I Want To Die While You Love Me
By Georgia Douglas Johnson
I want to die while you love me,
While yet you hold me fair,
While laughter lies upon my lips
And lights are in my hair.
I want to die while you love me
And bear to that still bed
Your kisses turbulent, unspent,
To warm me when I’m dead.
I want to die while you love me
Oh, who would care to live
Till love has nothing more to ask
And nothing more to give!
I want to die while you love me
And never, never see
The glory of this perfect day
Grow dim or cease to be.
Georgia Douglas Johnson (1877 - 1966) was born of a white British father and an African American mother. She was an important figure of the Harlem Renaissance, the literary, cultural and artistic movement that flourished in the mainly black part of New York's Harlem. Johnson's four volumes of poetry, The Heart of a Woman (1918), Bronze (1922), An Autumn Love Cycle (1928), and Share My World (1962), established her as one of the most accomplished African American woman poets of the early 20th Century.
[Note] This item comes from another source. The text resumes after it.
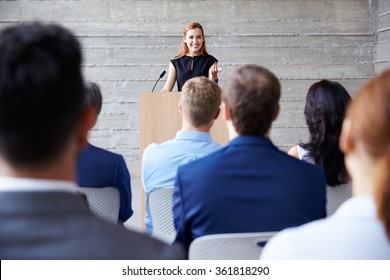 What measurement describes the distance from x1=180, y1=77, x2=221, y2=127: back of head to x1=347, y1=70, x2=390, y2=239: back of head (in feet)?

Johnson graduated from Atlanta University Normal College in 1896. She also studied music at Oberlin Conservatory and at the Cleveland College of Music, both in Ohio.
After the death of her husband in 1925, Johnson was forced to support herself and her two sons through a series of temporary jobs. On Saturday nights she ran a Salon in Washington D.C's S Street, attended by many Harlem Renaissance writers. These included Langston Hughes,Alain Locke, Louis Alexander, Gwendolyn Bennett, Marita Bonner, Countee Cullen Jean Toomer and Clarissa Scott Delaney. Prominent writers often debuted new works at these gatherings.